Accessing Services in w2kdomain from novlrealm

To set up cross-realm authentication between novlrealm and w2kdomain:

1. (Conditional) If a user object does not already exist for a user in Active Directory, then create a user object

   User creation is required in order to get tickets containing PAC (authorization data honored by application services in w2kdomain) from Microsoft Active Directory or KDC.

2. Map the user's principal in novlrealm to this user object:

   1. Click Start > Programs > Administrative Tools > Active Directory Users and Computers.

   2. Right-click the user object > Name Mappings.

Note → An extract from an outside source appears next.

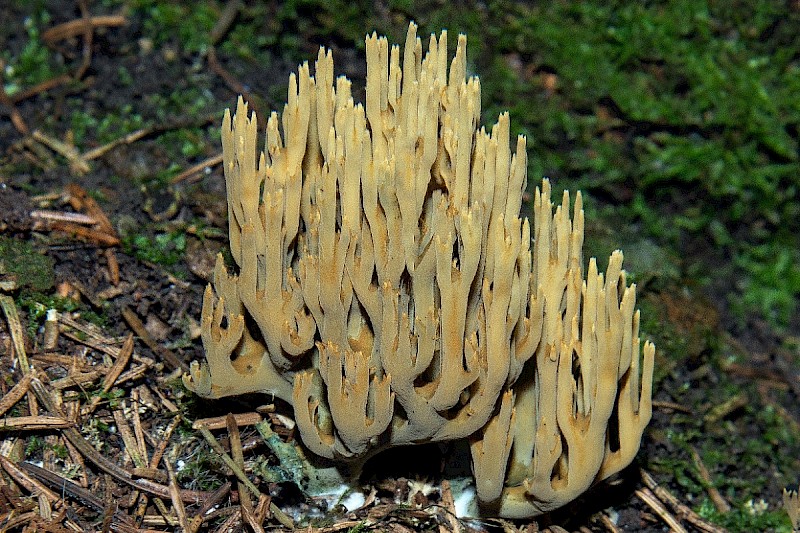 Ramaria abietina - © Charles Hipkin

   3. Click Kerberos Names tab > Add.

   4. Enter the user's principal name.

3. Set up a trust between w2kdomain and novlrealm:

   1. Click Start > Programs > Administrative Tools > Active Directory Domains and Trusts

   2. Click win2kdomain > Properties > Trusts

   3. Click Add in the Domains trusted by this domain pane (as in figure 3) to display the Add Trusted dialog box.

      Figure 4
      Accessing Services in w2kdomain from novlrealm
      

   4. In the Add Trusted Domain dialog box, enter novlrealm as the trusted domain.

      Figure 5
      Adding Trusted Domain
      

   5. Enter the password and reenter it to confirm the password.

      IMPORTANT:  Make sure that in both realms the password or key of
      krbtgt/w2kdomain@novlrealm is the same.

   6. Click OK to ignore the warning message about non-Windows Kerberos realm.

4. In novlrealm, create a principal, krbtgt/w2kdomain@novlrealm.

5. In the appropriate Kerberos configuration file (/etc/krb5.conf), create entries for novlrealm and mitrealm.